The actual guarding preprocessor #define is actually called __AVX__ (and __AVX512__). Here are the places where this is used:

dealii/include/deal.II/base/vectorization.h:// #ifdef __AVX512F__
dealii/include/deal.II/base/vectorization.h:// #elif defined (__AVX__)
dealii/include/deal.II/base/vectorization.h:// In addition to checking the flags __AVX512F__, __AVX__ and __SSE2__, a CMake
dealii/include/deal.II/base/vectorization.h:#  if DEAL_II_VECTORIZATION_WIDTH_IN_BITS >= 256 && !defined(__AVX__)
dealii/include/deal.II/base/vectorization.h:#  if DEAL_II_VECTORIZATION_WIDTH_IN_BITS >= 512 && !defined(__AVX512F__)
dealii/include/deal.II/base/vectorization.h:// for safety, also check that __AVX512F__ is defined in case the user manually
dealii/include/deal.II/base/vectorization.h:#  if DEAL_II_VECTORIZATION_WIDTH_IN_BITS >= 512 && defined(__AVX512F__)
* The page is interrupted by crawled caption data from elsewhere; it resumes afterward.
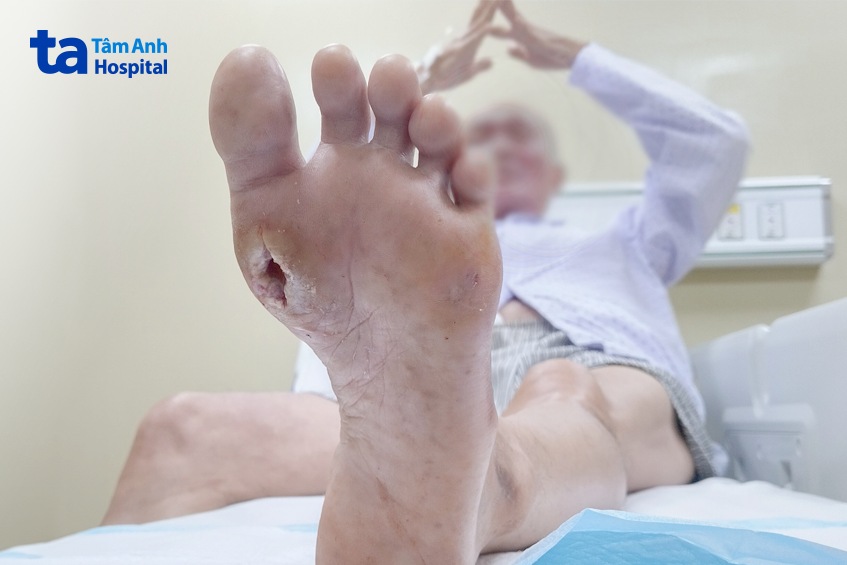 Vết chai chân của ông P. sau khi được cắt lọc các mô hoại tử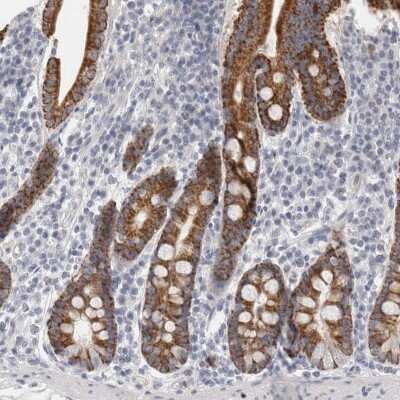 Immunohistochemistry-Paraffin: Migfilin Antibody [NBP1-86665]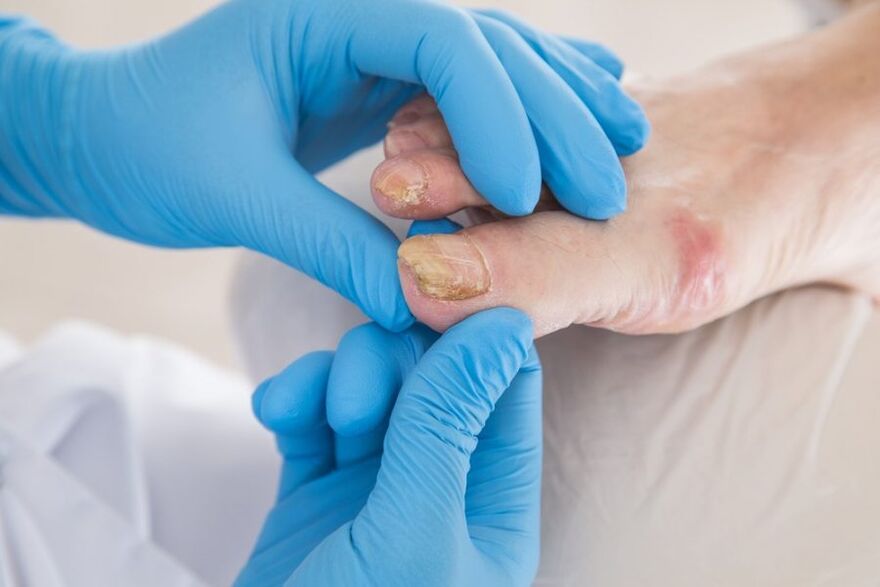 Nail plate affected by fungus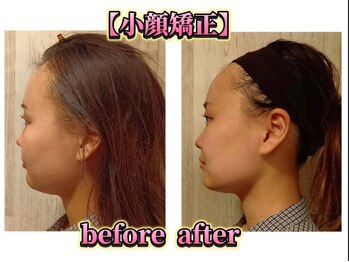 アットティービューティー 金沢文庫店(at tee...beauty)/【小顔矯正】金沢文庫attee...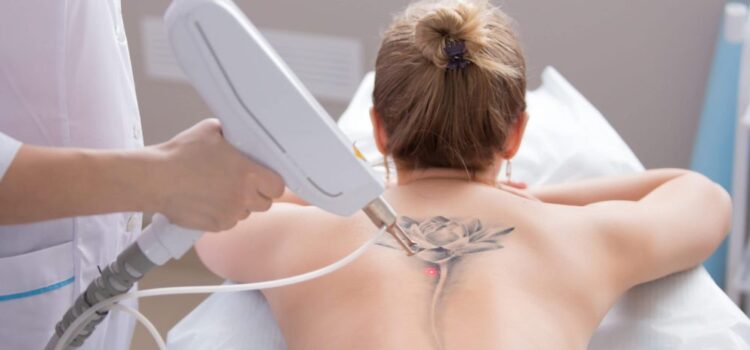 Tattoo Removal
dealii/include/deal.II/base/vectorization.h:#  if DEAL_II_VECTORIZATION_WIDTH_IN_BITS >= 256 && defined(__AVX__)
dealii/include/deal.II/base/vectorization.h:#    ifdef __AVX2__
dealii/include/deal.II/base/vectorization.h:#    ifdef __AVX2__
dealii/include/deal.II/base/vectorization.h:#if DEAL_II_VECTORIZATION_WIDTH_IN_BITS >= 256 && defined(__AVX__)
dealii/include/deal.II/base/vectorization.h:#  if DEAL_II_VECTORIZATION_WIDTH_IN_BITS >= 512 && defined(__AVX512F__)
dealii/include/deal.II/base/vectorization.h:#  if DEAL_II_VECTORIZATION_WIDTH_IN_BITS >= 256 && defined(__AVX__)
dealii/include/deal.II/base/numbers.h:#elif DEAL_II_VECTORIZATION_WIDTH_IN_BITS >= 512 && defined(__AVX512F__)
dealii/include/deal.II/base/numbers.h:#elif DEAL_II_VECTORIZATION_WIDTH_IN_BITS >= 256 && defined(__AVX__)
dealii/source/matrix_free/mapping_info.cc:#  if DEAL_II_VECTORIZATION_WIDTH_IN_BITS >= 256 && defined(__AVX__)
dealii/source/matrix_free/mapping_info.cc:#  if DEAL_II_VECTORIZATION_WIDTH_IN_BITS >= 512 && defined(__AVX512F__)

As mentioned above, DEAL_II_VECTORIZATION_WIDTH_IN_BITS == 0 for this benchmark. So the only places that need to be checked are the ones that do not reference DEAL_II_VECTORIZATION_WIDTH_IN_BITS, leaving only the two places in vectorization.h that are not already commented out. I've confirmed that these are all ultimately guarded by DEAL_II_VECTORIZATION_WIDTH_IN_BITS and so inactive as well.